Consultant Richard Burroughs advised the owner of StrucSoft, an AEC software and services business, on how to liquidate his interest as an owner. The founder had been approached by a strategic and was uncertain as to the value of his business.
Burroughs delivered to the owner a valuation analysis, assessment of key SaaS metrics, transaction and trading multiple comp study, and an executive deal memo. Burroughs successfully guided StrucSoft’s owner to achieving a premium valuation in an accepted counteroffer.
CONSULTING PROCESS:
Burroughs worked directly with the owner and his controller to pull historical financials covering the previous three fiscal years. In addition to financial analysis, Burroughs worked privately with the owner to understand his personal considerations and desires for an exit.
Burroughs used the historical financials to develop a three-year historical cashflow statement and a five-year forward projection, both of which constituted the foundation of a discounted cash flow model.
Multiples and other valuation assumptions were developed through a study of transaction and trading comps and interviews with other financial professionals.

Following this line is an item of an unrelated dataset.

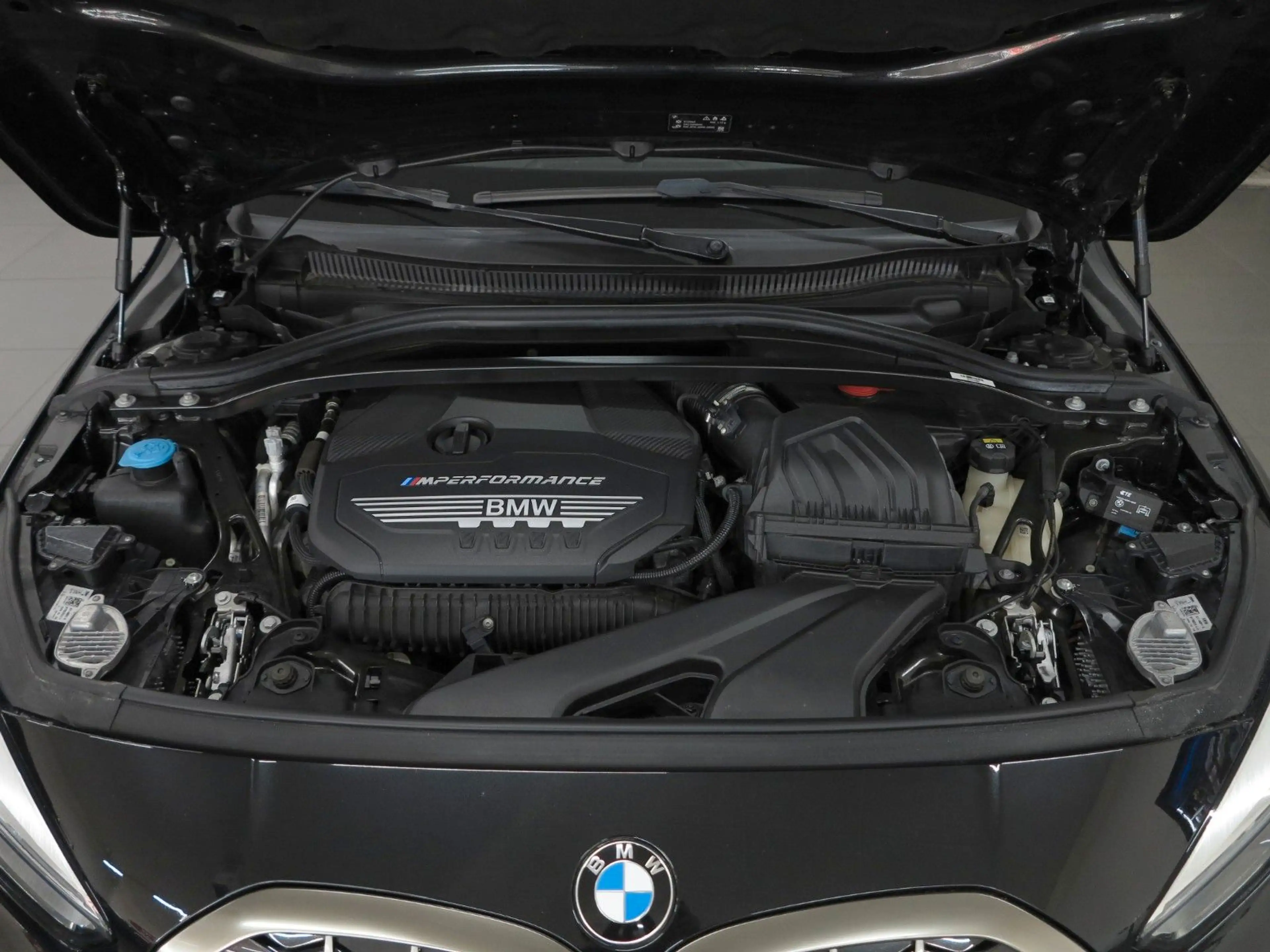 BMW 135 i xDrive Aut. NAVI/LED/2.HAND/UNFALLFREI! — photo 8
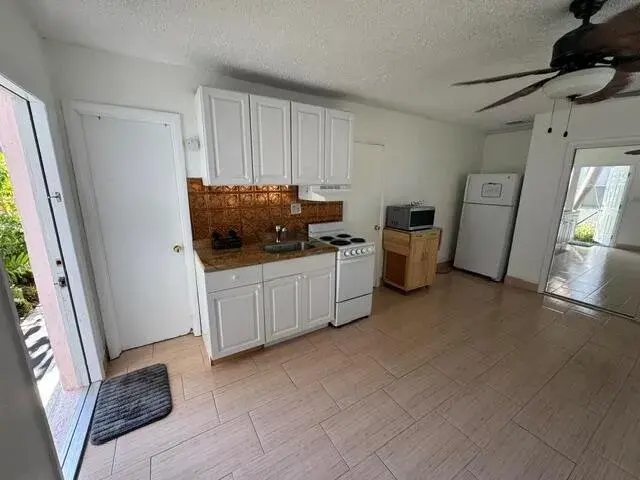 1503 Hayes Street # 3, Hollywood FL 33020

Valuation was determined using a number of methods, including DCF and LTM, FTM revenue and EBITDA multiples. The resulting enterprise values created a “field” for a valuation, which corroborated our findings and led to a supported enterprise value. Richard ran a variety of sensitivities to show management what the value of their equity would be given different business performance scenarios.
Deliverables included:
Financial analysis and valuation
Scenario planning and strategic guidance for an exit
Executive summary memorandum
SaaS Metrics Scorecard
Results:
Burroughs gave the owner a clear understanding of what his business was worth and how he should respond to the initial LOI from a potential corporate buyer, resulting in a satisfactory and accepted counter offer. StrucSoft successfully closed its deal in spring of 2021.